The change in specific enthalpy for liquid water to steam at $100^{\circ }C$ and $1$ atm is $\Delta {\hat {H}}_{v}(T,P)=2,255.6{\text{ }}kJ/kg$ . This change specific enthalpy in is called the heat of vaporization. The condensation of this steam back to liquid water at $100^{\circ }C$ and $1$ atm would result in a change specific enthalpy of $\Delta {\hat {H}}_{v}(T,P)=-2,255.6{\text{ }}kJ/kg$ .

6.4.3 – Heat of Melting and Heat of fusion

The change in specific enthalpy for liquid water to ice at $0^{\circ }C$ and $1$ atm is $\Delta {\hat {H}}_{f}(T,P)=-333{\text{ }}kJ/kg$ . This change specific enthalpy in is called the heat of fusion. The melting of this ice back to liquid water at $100^{\circ }C$ and $1$ atm would result in a change specific enthalpy of $\Delta {\hat {H}}_{m}(T,P)=333{\text{ }}kJ/kg$ . This change specific enthalpy in is called the heat of melting.

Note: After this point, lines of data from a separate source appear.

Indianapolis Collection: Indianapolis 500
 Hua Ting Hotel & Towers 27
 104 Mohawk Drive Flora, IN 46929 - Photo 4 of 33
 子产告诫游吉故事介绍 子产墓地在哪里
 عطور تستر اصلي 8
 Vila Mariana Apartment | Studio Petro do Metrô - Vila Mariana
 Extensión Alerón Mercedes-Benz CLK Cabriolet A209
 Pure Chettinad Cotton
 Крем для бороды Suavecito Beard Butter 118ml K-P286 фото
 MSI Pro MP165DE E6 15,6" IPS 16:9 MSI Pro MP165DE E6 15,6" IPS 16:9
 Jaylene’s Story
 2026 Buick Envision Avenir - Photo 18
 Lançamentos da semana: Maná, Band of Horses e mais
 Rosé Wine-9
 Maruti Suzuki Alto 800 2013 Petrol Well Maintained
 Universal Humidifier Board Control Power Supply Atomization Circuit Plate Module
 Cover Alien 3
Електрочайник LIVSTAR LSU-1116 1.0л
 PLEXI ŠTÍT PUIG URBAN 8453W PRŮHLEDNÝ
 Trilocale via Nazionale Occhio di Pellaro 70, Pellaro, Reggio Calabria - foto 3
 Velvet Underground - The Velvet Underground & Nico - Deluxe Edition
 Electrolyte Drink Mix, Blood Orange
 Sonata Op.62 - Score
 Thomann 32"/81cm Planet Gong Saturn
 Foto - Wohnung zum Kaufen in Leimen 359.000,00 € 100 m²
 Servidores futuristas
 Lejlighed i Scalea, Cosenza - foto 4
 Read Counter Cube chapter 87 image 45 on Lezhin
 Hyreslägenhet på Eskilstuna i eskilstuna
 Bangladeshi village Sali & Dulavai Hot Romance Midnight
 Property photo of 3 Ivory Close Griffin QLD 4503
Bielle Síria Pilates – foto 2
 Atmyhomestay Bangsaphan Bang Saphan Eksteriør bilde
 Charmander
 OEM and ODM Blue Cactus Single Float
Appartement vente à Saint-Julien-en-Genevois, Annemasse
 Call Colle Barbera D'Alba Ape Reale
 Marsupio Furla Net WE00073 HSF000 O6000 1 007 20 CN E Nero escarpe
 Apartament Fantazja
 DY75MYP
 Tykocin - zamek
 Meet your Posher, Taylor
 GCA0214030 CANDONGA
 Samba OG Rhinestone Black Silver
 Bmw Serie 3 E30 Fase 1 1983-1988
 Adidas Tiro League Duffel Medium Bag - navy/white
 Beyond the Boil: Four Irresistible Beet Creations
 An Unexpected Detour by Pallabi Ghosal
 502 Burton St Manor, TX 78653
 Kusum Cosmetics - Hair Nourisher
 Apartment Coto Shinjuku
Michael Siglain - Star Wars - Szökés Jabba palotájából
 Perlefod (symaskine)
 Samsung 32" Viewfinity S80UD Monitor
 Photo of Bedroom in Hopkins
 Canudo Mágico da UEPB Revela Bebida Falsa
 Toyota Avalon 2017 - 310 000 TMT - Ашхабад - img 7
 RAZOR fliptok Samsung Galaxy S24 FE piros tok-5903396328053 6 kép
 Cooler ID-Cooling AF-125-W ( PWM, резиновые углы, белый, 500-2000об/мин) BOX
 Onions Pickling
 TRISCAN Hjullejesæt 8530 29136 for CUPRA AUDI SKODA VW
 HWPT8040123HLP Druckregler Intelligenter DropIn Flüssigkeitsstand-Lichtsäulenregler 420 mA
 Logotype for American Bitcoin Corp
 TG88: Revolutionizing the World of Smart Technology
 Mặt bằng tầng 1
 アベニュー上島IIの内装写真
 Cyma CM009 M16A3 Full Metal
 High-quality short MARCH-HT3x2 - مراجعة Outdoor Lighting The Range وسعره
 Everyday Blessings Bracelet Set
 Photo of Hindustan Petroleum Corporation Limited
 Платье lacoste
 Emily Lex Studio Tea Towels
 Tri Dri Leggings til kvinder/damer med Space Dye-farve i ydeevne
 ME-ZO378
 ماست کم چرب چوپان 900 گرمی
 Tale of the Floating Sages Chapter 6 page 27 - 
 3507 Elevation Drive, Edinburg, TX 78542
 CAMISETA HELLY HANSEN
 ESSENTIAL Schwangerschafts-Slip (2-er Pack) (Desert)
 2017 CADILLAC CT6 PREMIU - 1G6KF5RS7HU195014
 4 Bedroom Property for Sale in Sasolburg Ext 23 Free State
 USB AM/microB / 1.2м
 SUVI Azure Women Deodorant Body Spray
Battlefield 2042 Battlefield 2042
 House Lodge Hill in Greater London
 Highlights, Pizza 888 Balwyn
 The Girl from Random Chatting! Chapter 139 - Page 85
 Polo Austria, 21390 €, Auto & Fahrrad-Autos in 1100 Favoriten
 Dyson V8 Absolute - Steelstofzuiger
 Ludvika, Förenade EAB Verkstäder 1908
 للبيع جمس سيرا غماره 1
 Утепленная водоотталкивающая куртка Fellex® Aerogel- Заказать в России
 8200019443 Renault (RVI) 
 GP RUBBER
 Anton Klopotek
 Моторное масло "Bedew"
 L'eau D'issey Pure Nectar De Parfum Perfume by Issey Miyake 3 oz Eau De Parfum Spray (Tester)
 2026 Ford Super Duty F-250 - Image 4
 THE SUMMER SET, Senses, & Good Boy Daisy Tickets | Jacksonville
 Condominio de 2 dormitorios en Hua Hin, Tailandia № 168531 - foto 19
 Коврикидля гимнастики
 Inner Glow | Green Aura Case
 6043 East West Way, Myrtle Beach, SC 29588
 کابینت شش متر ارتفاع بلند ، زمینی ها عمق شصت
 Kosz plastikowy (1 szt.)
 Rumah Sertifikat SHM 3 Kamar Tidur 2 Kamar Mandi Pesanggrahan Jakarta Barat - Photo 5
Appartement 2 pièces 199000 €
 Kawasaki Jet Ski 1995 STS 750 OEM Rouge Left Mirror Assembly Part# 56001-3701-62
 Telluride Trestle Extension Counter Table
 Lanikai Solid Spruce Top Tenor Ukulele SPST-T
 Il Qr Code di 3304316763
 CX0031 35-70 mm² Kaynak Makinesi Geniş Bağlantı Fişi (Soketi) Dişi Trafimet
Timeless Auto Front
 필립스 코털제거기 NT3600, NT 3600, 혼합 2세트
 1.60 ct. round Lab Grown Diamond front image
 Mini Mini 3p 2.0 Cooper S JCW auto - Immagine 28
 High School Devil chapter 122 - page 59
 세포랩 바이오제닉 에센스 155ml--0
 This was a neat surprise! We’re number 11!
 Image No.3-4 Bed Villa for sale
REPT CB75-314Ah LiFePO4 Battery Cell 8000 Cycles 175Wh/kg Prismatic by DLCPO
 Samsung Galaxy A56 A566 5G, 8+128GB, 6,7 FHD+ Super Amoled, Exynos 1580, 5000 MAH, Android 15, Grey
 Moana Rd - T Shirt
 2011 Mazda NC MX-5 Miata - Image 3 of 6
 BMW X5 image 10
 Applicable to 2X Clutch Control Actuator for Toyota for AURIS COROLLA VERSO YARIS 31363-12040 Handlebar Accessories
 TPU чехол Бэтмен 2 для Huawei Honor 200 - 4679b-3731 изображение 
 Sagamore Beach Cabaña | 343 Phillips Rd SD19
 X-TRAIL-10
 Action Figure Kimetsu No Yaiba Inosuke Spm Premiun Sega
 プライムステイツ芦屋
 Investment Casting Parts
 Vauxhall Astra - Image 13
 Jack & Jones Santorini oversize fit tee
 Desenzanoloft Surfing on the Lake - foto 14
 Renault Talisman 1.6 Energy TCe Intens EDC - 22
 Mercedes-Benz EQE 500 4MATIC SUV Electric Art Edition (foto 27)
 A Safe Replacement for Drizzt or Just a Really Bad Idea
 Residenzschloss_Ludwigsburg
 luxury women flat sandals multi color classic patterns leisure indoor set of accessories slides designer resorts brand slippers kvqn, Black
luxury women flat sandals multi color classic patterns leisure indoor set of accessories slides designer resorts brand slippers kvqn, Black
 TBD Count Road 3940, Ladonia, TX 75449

6.4.4 – Higher Heat Value and Lower Heat Value

The heating value is the amount of energy released by the combustion of a material. it shares the same value as the heat of combustion but has the opposite sign.

The higher heating value (HHV) is the amount of energy to bring a material to combustion and turn any liquid products into vapor.

The lower heating value (LHV) is the amount of energy to bring a material to combustion and without turning liquid products into vapour.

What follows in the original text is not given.